String players are naturally very cool dudes. But being chauffeured around in a limo in -25C temperatures in Winnipeg in December makes it über cool.

-All the amazing meals at restaurants on the tour.

Leo's Tapa's and Grill in Gibsons is typical Greek fare, exactly what you would expect in BC where we are spoiled for almost everything. What is unique about Leo's is that the waiters, and I really hope they are also the owners, have a great quirky, almost edgy, sense of humor.

Special mention goes to the restaurant at the Inn at the Forks, The Current. I had the pleasure of having breakfast and a wonderful lunch there. The food is stupendous and meticulously prepared. The staff is very attentive and polite, as well as transparently efficient. Every meal was a treat.

In Courtney, Titas never ceases to please. Great portions, and can Mexican food ever be anything but festive? The tortilla chicken soup especially hit the spot. Just the ticket before playing a concert in winter.

In Victoria, Futaba Japanese Restaurant was exactly what was needed to satisfy our troupe's cravings for all things Japanese and "get us to the church on time" - it is across the street from the Alix Goolden Concert Hall.

The veggie burgers on B.C. Ferries are quite nice. The French Fries are made by White Spot, and are delicious, but Janelle, Lauri and I once spent an afternoon feeding these to the sea gulls by hand who I'm sure thought they were doubly delicious.

-All the great volunteers who help us put on these shows.
There are many ways to patronize the arts, but in the case of Winter Harp, we have a dedicated and loyal core group of volunteers --everyone from ticket sellers to people who light the candles at intermission.
Winter Harp is lucky to have its own professional harp tuner. Dr. Bess Lu has a wicked ear when it comes to tuning. Here she is working on Lori Pappajohn's harp with Lori checking up on her.

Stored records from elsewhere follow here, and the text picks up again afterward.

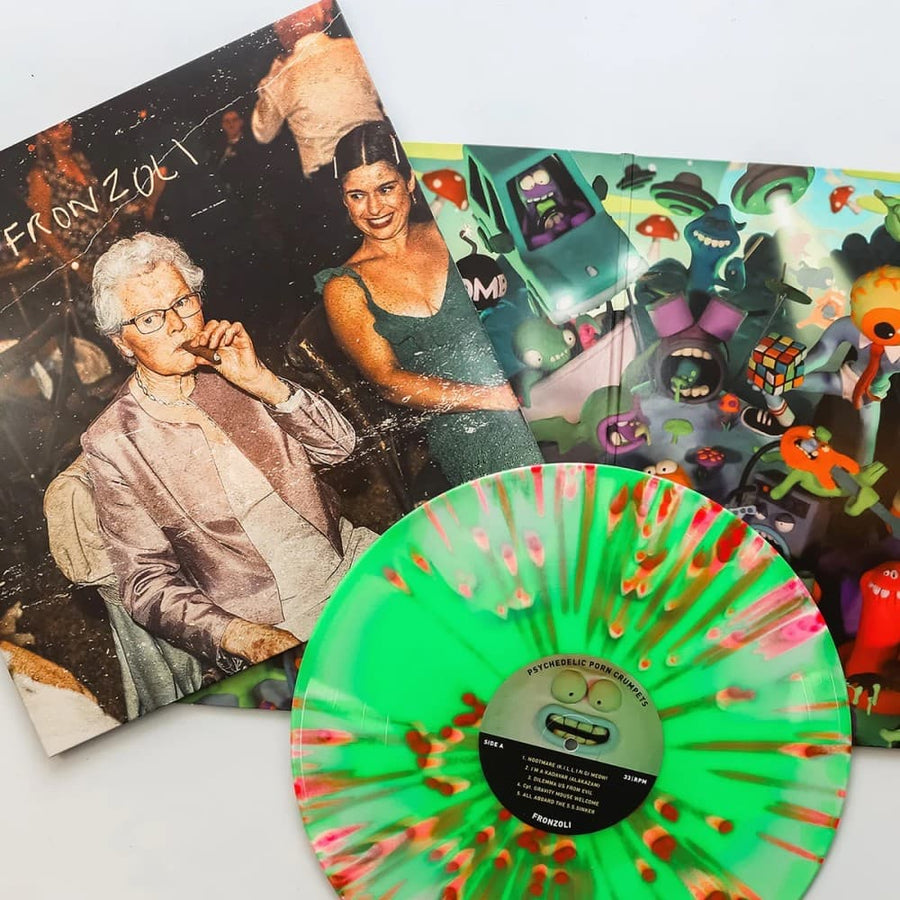 Psychedelic Porn Crumpets - Fronzoli Exclusive Limited Bone/Neon Green/Pink Swirl & Splatter Color Vinyl LP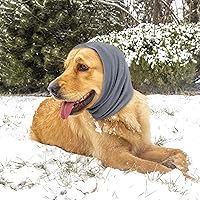 Vista 6 de Sombrero con capucha para perro, cálido para invierno, envoltura para las orejas, para aliviar la ansiedad, calmar, arreglar, calentar el cuello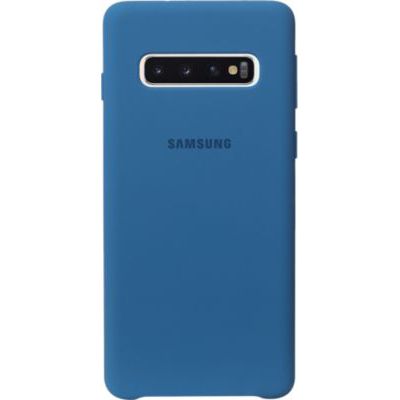 image Coque pour Samsung galaxy S10 Silicone ultra fine bleu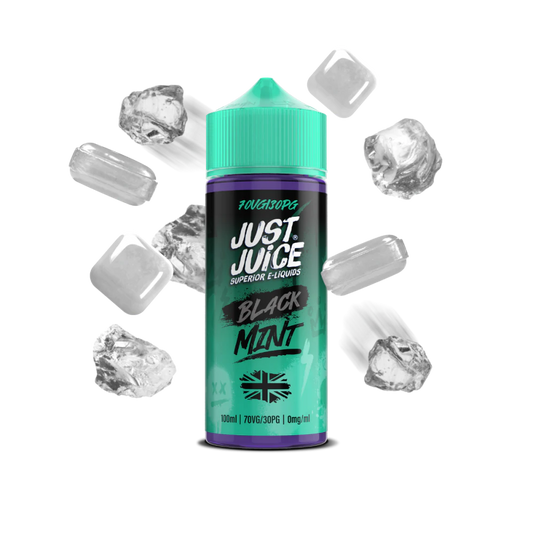 Just Juice 70/30 100ml MINT Range Shortfill E-liquid Zero Nic 0mg - BLACK MINT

-The Amazing Disappearing Harp Dolly.
After we played our last concert in Maple Ridge, we were packing up and Janelle discovered, much to her horror, that her harp dolly was missing. It had been left back stage right next to Scott's almost identical harp dolly. A quick inspection of the stage did not uncover anything. So a search was made in all the offices, cars, and even the front of the house. Still nothing. The entire stage was now packed up and there was absolutely nothing on the floor, yet still no harp dolly. My first thought was that it had been stolen, but that didn't make a great deal of sense either; there were far more valuable things back stage to steal. Everyone was rather annoyed at this disappearance because it would be a huge inconvenience to Janelle plus a lot of money to replace. The theatre staff were equally annoyed at something this strange. As I searched the snow drifts outside for tracks (and finding none) it occurred to me that I was only thinking in two dimensions. Perhaps the missing dolly had not in fact rolled away. Sure enough, I looked up and there it was hanging from the ceiling. The long horizontal bar that raises and lowers the sets had caught the strap on the cart when the curtain was down. At the end of the show, when the bar was raised up to the ceiling, the dolly cart went sailing up in the air with it. There it was, dangling precariously 30 feet above us (click pictures for greater detail).

The only thing more endearing than a happy ending story of a boy reuniting with his lost doggy is a story of a girl reuniting with her lost harp dolly.



The End

1 comment:

Anonymous said...

some excellent photos and stories! Wow!